Records provided:
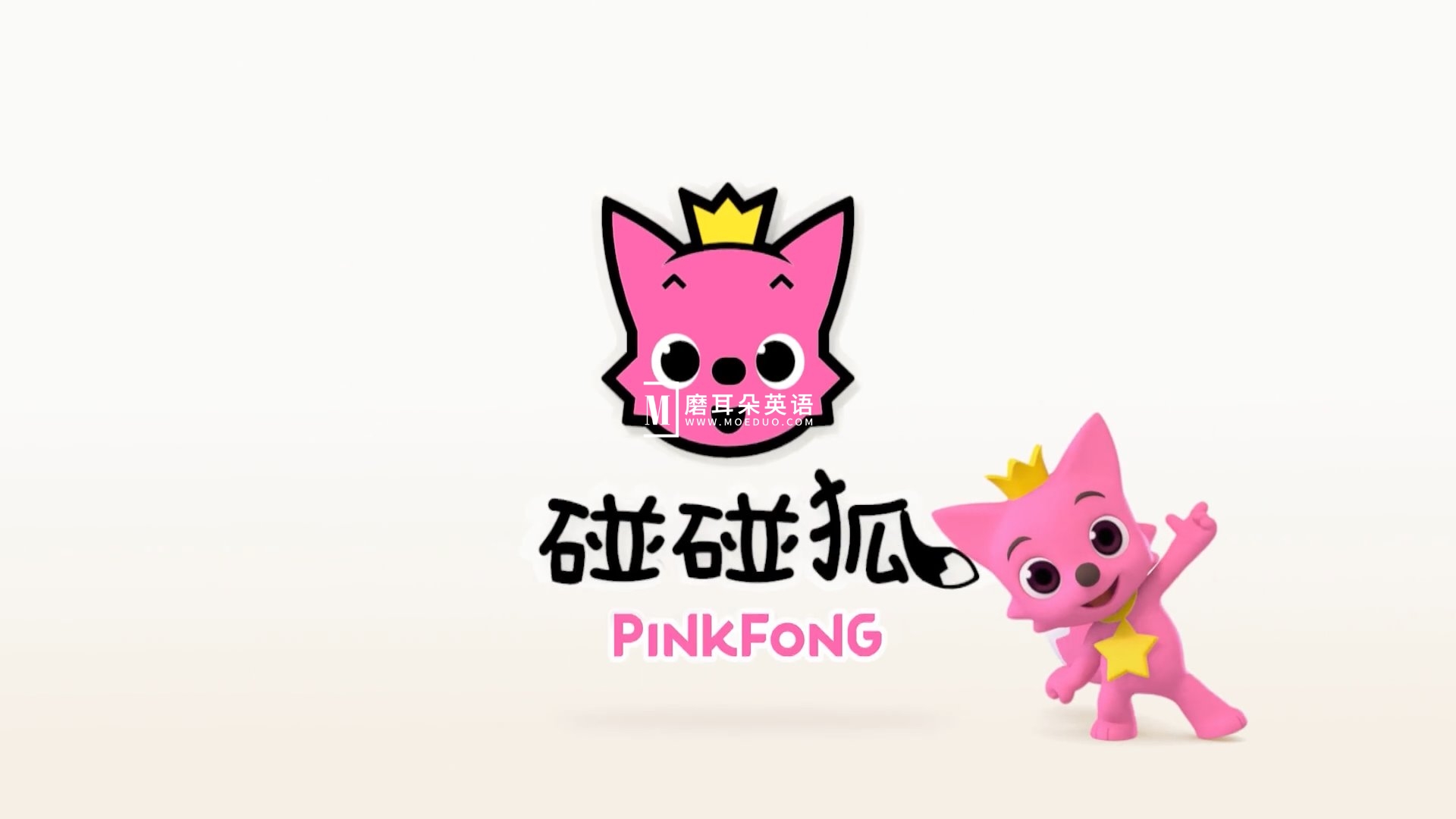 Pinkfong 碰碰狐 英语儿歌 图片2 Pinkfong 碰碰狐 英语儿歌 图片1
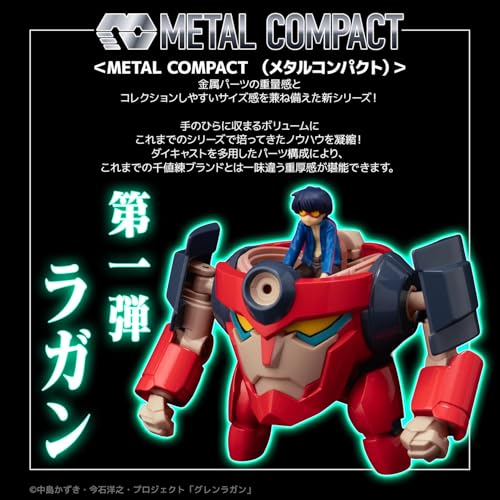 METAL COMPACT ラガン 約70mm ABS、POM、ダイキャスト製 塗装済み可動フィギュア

==

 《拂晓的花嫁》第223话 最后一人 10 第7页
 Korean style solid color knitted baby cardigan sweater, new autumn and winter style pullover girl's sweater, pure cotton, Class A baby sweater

What you will do:
Nothing should appear in the answer except the lines above from the line with "最后一人 10 第7页" through the line with "Korean style solid", both included, written out exactly.

Answer section:
 《拂晓的花嫁》第223话 最后一人 10 第7页
 Korean style solid color knitted baby cardigan sweater, new autumn and winter style pullover girl's sweater, pure cotton, Class A baby sweater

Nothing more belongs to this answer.